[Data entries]
----------

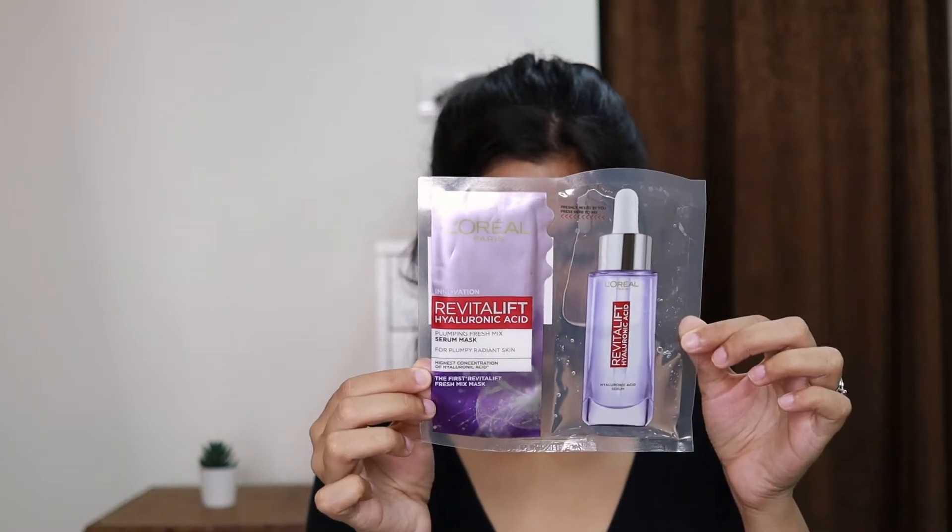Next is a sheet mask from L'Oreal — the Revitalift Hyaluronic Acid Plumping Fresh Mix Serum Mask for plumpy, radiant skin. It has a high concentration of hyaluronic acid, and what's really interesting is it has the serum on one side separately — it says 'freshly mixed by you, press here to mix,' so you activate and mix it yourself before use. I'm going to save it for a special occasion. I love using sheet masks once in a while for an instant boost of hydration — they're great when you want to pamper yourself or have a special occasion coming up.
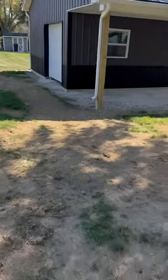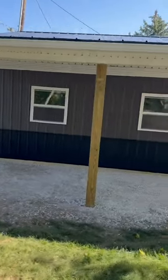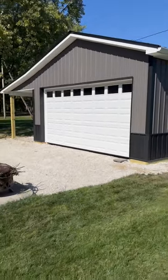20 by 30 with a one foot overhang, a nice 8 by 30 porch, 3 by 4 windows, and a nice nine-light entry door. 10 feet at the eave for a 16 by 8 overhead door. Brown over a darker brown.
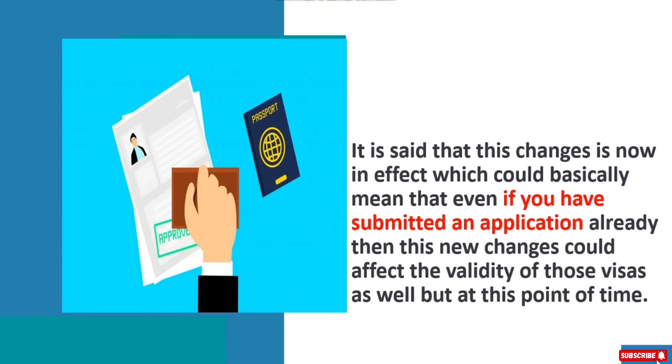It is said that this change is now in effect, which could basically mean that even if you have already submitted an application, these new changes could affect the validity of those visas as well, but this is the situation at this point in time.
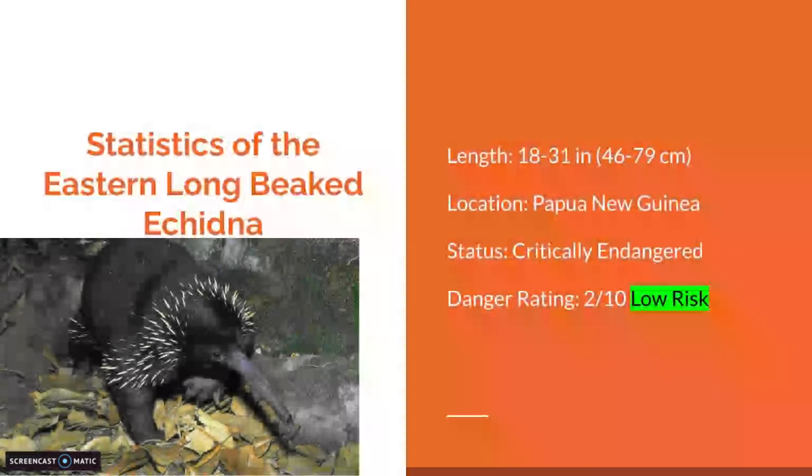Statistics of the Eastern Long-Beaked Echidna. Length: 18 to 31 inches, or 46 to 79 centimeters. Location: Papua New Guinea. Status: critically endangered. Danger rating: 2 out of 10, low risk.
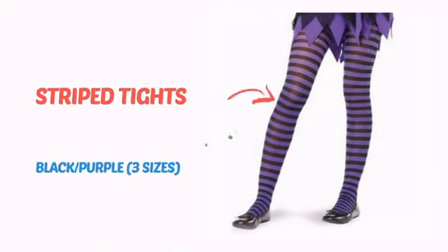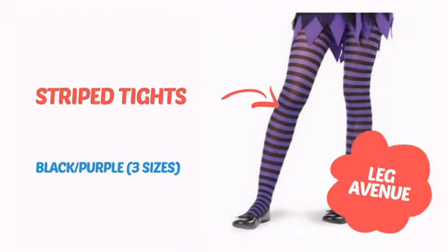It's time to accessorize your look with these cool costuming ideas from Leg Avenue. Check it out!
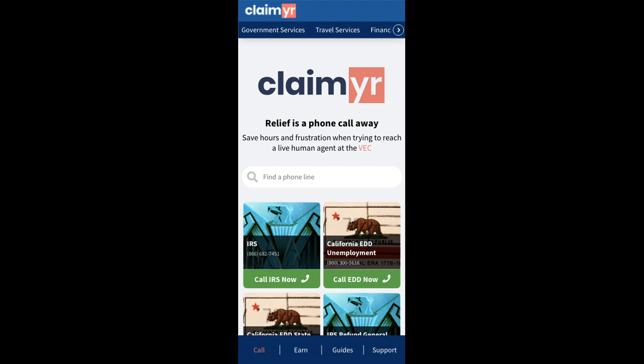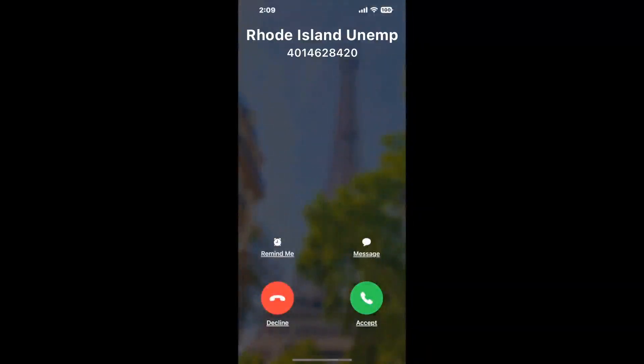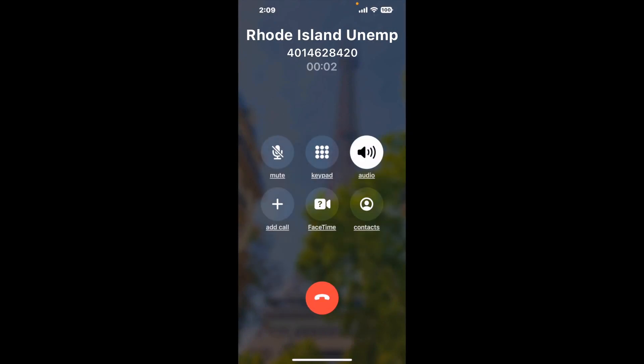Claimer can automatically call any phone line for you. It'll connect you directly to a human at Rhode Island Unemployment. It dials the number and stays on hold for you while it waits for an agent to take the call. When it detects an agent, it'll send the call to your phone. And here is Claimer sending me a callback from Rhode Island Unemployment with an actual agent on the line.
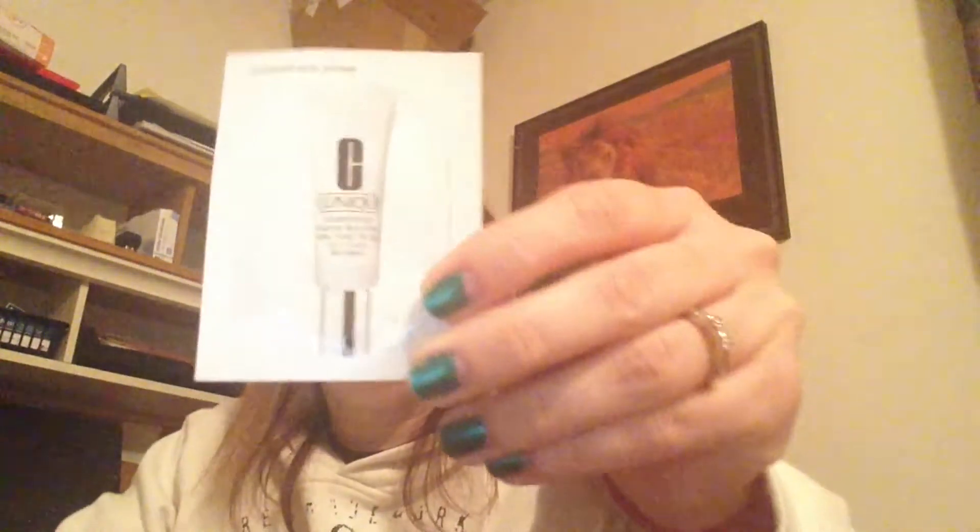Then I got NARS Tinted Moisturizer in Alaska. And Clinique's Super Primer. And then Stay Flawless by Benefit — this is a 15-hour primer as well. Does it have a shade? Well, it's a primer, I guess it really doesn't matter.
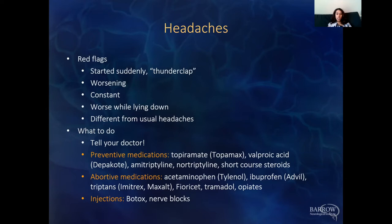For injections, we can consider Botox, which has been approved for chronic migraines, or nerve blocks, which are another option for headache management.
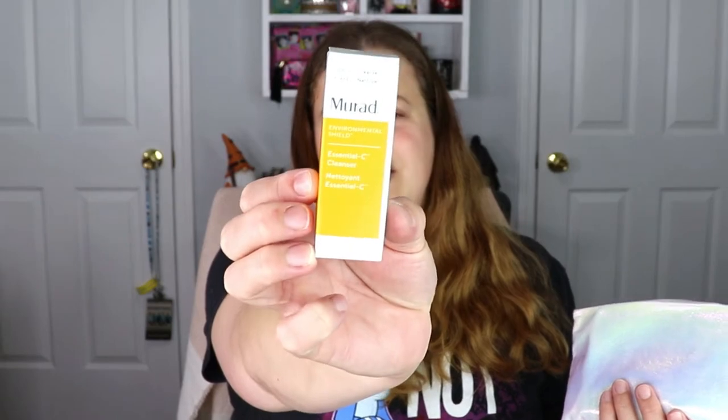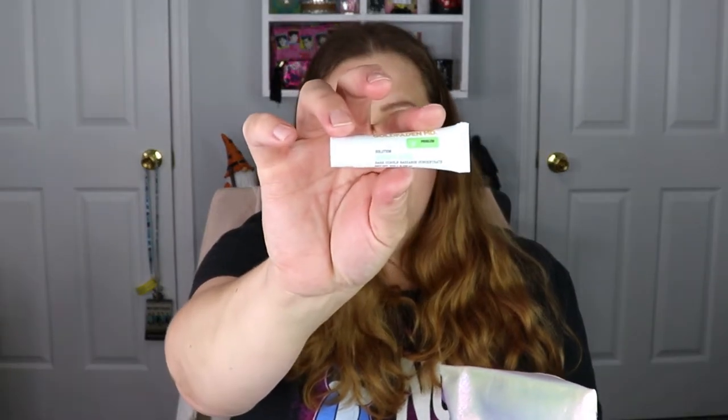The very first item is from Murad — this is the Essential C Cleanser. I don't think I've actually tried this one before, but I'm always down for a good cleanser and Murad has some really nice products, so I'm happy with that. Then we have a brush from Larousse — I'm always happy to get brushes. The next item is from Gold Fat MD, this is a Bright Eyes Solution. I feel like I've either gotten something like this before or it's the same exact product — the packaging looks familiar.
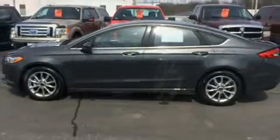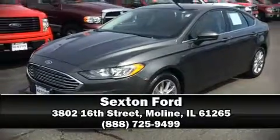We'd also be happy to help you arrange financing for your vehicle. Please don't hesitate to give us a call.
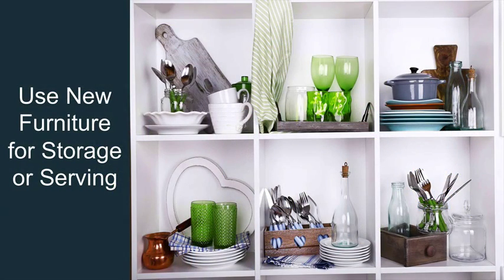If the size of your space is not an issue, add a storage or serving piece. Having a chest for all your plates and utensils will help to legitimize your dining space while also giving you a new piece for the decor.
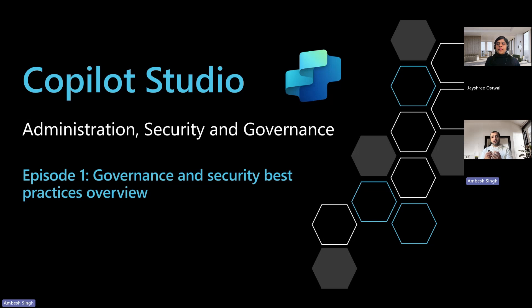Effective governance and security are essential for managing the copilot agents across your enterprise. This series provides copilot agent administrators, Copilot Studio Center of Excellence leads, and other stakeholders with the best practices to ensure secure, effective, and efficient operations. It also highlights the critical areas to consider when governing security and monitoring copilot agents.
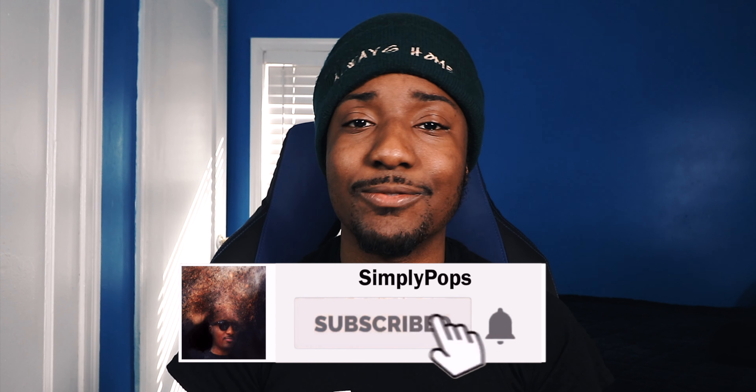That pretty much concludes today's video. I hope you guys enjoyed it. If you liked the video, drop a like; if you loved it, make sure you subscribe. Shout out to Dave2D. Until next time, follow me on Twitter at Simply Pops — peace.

----------

What the task requires
Return the lines above from the one with "The very first" through the one with "If the size", verbatim and nothing else. Omit every picture.

Problem solution
The very first item is from Murad — this is the Essential C Cleanser. I don't think I've actually tried this one before, but I'm always down for a good cleanser and Murad has some really nice products, so I'm happy with that. Then we have a brush from Larousse — I'm always happy to get brushes. The next item is from Gold Fat MD, this is a Bright Eyes Solution. I feel like I've either gotten something like this before or it's the same exact product — the packaging looks familiar.
We'd also be happy to help you arrange financing for your vehicle. Please don't hesitate to give us a call.
If the size of your space is not an issue, add a storage or serving piece. Having a chest for all your plates and utensils will help to legitimize your dining space while also giving you a new piece for the decor.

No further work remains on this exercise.